While the sharpie and canoes were developing, the sandbaggers were dying. Despite all their speed, influence and fame, they fell victim to social changes, safety concerns, developing technology, and the changing face of the waterfronts.

4a21563v
The big catboat Gold Dust (sail number 41) lined up with a motley fleet in front of James S Johnston’s camera at the Indian Harbour YC regatta in 1893, when the sandbagger era was all but gone. The cropped and enlarged version of this photo (below) shows the huge stack of ballast on the windward rail. This pic seems important for three reasons. For one, it’s the clearest pic of sandbags in use I know of. Secondly, looking at that vast stack of gravel brings home what an ordeal it must have been to lump all that weight from side to side each tack and gybe. Thirdly, despite carrying all this ballast and sail area, results show that Gold Dust was left trailing miles behind the new breed of lightweight scow types.
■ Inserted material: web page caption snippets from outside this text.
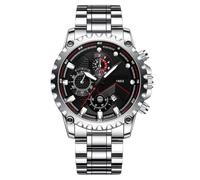 Men's Dress Watch Stainless Steel Waterproof Case Japanese Movement | Sleek men's dress watch with 43.5mm metal case and white steel band. Japanese movement, 30m waterproof rating for daily wear.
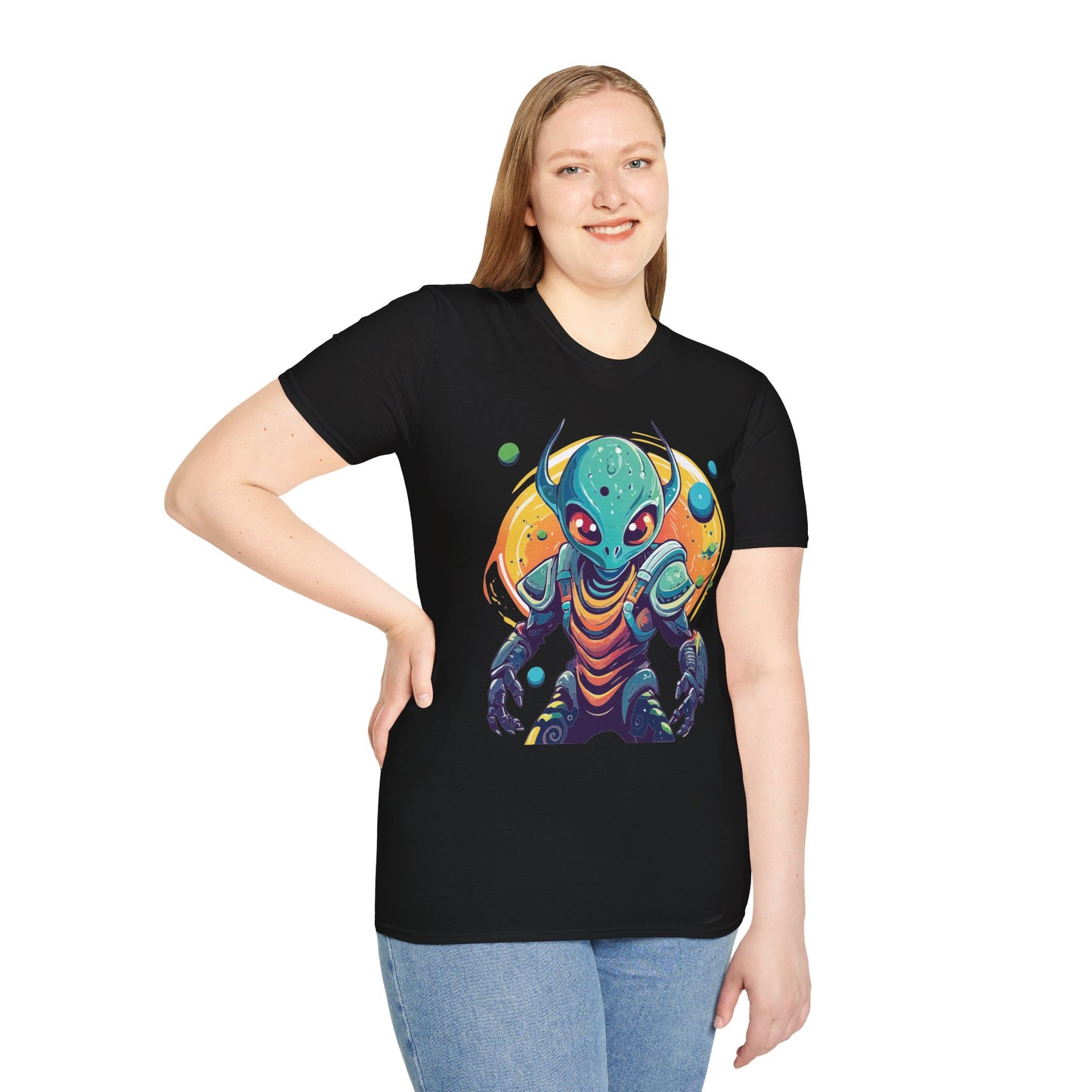 Alien Cosmos Shirt Unisex Softstyle Tee With Alien Art Design Space Theme Graphic Tee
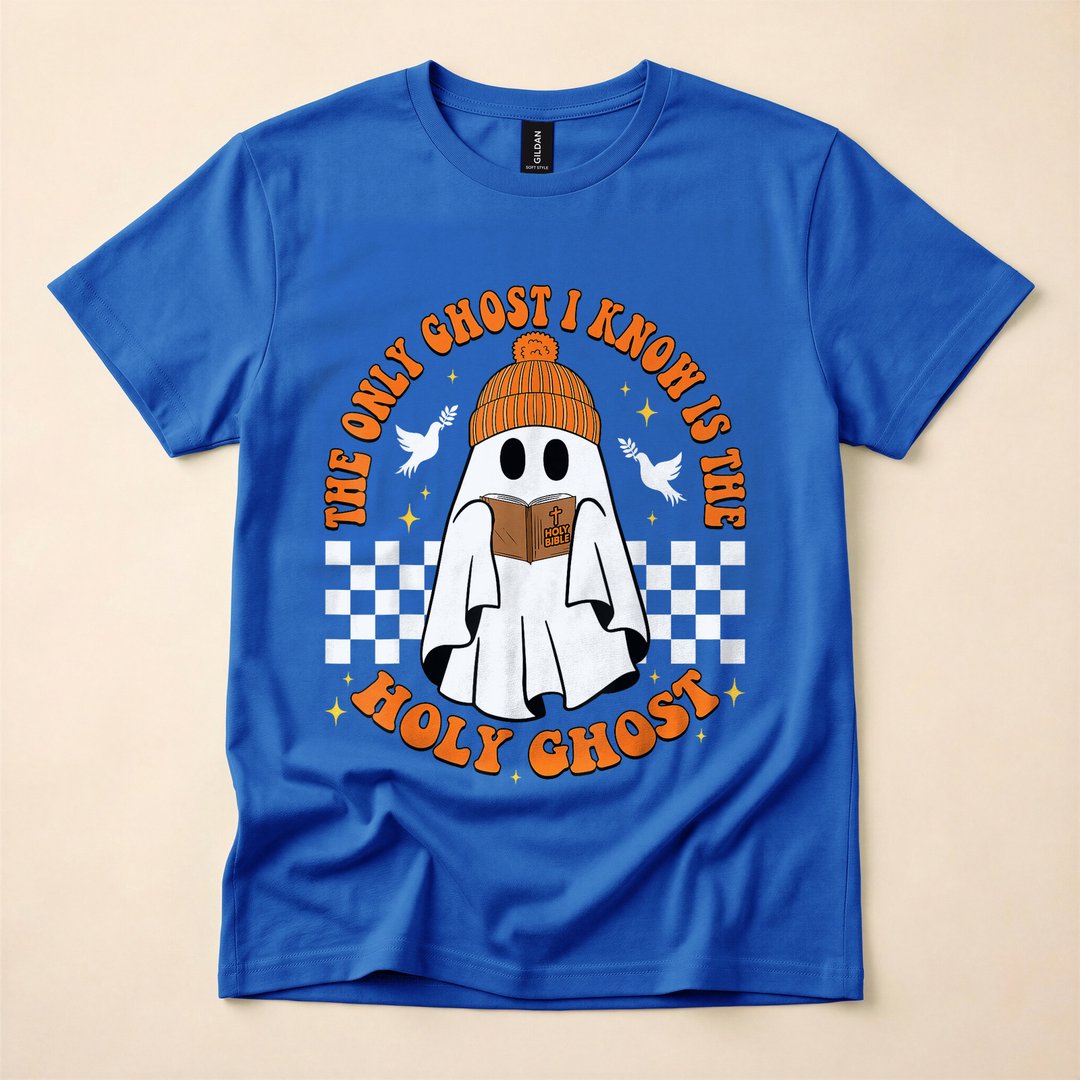 The Only Ghost I Know Is the Holy Ghost Halloween T-Shirt, Christian Spooky Season Graphic Tee - photo 3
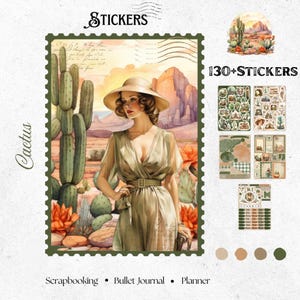 Bullet Journal Stickers – Cactus | Thema: Woestijn & Hete Zomer | Organisatieplanner | Handgemaakte Stickers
Sandbagger goldust cropped

As with so many tales, the end of the sandbagger is normally seen as a simple tale of the conservative villains of the “establishment” killing off a fast, innovative type of boat. As is so often the case, the truth is more complex and shows the protagonists in a much better light.

One of the first blows to the sandbaggers came when booming economy of the late 19th century allowed the emerging middle classes to stop watching other people race and to start sailing themselves. Around the same era, there was a new emphasis on amateur or “Corinthian” sport – participant sports done for the love and adventure, rather than professional sports done for spectators, gamblers and cash. The ideal that the Corinthians pushed was for sailing in the modern style, rather than the old model of pros sailing for the rich.

To people like the first commodore of the Seawanhaka Corinthian Yacht Club, one of the clubs leading the new wave, Corinthian sailing was “the only true and enjoyable kind of yachting.”  Unlike the old model where paid hands did the work while owners looked on, a Corinthian or amateur race was “a test rather of the pluck and skill of our amateur sailors than of the length of their purses.” It was better for an amateur to “sail one own’s boat to victory, enjoying all the triumph and suffering all the inconvenience, than to watch one’s hired substitute at the helm taking all the credit, and deserving it.” [2]

The fans of Corinthian sailing knew that the amateur who took over the helm and sheet would not be able to sail as well as the pros who spent their life on the water. The Corinthian sailor would “instantly discover that between knowing how things are done and doing them there is an extraordinary difference, and he will find himself curiously awkward in doing what he has seen his men do a hundred times.”[3]   The amateurs would “not display the same sagacity in taking advantage of the technical points of seamanship as do their employees”, but they would find that racing “develops the seamanship of our amateurs, and makes capable sailors of them.” [4]

Aug 1 1896 E Z Sloat cropped
E Z Sloat again, this time pictured by James S Johnston. The 21 footer was built in 1891, probably one of the last of her type to be launched.

Progressive thinkers such as Thomas Clapham (creator of cheap and radical boats) and Thomas Day (a promoter of amateur boatbuilding and the true creator of amateur ocean racing) saw amateurism as a way to open the sport up to those who were not expert watermen or tycoons. [7] Others saw it as a wider issue – to get an active, adventurous and fit population one had to encourage them to participate in sports rather than sitting by and throwing money away by gambling as they watched pros.[5]   In some ways, the Corinthians were addressing the same sort of issues that sailing is facing in 2018. They were trying to stop people from sitting and gambling while watching pro sport; we are trying to stop people from sitting and playing on their devices while watching pro sport.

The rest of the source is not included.